Repeat the records below exactly, line for line.

· · ·

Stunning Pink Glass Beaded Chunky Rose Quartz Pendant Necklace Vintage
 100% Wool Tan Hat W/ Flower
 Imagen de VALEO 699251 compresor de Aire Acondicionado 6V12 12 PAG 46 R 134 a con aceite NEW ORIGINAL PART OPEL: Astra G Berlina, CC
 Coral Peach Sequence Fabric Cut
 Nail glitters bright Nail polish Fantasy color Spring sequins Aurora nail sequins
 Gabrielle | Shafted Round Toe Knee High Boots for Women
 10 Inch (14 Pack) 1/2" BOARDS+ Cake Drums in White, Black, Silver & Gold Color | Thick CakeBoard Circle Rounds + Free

· · ·

• _Solution for this problem_:
Stunning Pink Glass Beaded Chunky Rose Quartz Pendant Necklace Vintage
 100% Wool Tan Hat W/ Flower
 Imagen de VALEO 699251 compresor de Aire Acondicionado 6V12 12 PAG 46 R 134 a con aceite NEW ORIGINAL PART OPEL: Astra G Berlina, CC
 Coral Peach Sequence Fabric Cut
 Nail glitters bright Nail polish Fantasy color Spring sequins Aurora nail sequins
 Gabrielle | Shafted Round Toe Knee High Boots for Women
 10 Inch (14 Pack) 1/2" BOARDS+ Cake Drums in White, Black, Silver & Gold Color | Thick CakeBoard Circle Rounds + Free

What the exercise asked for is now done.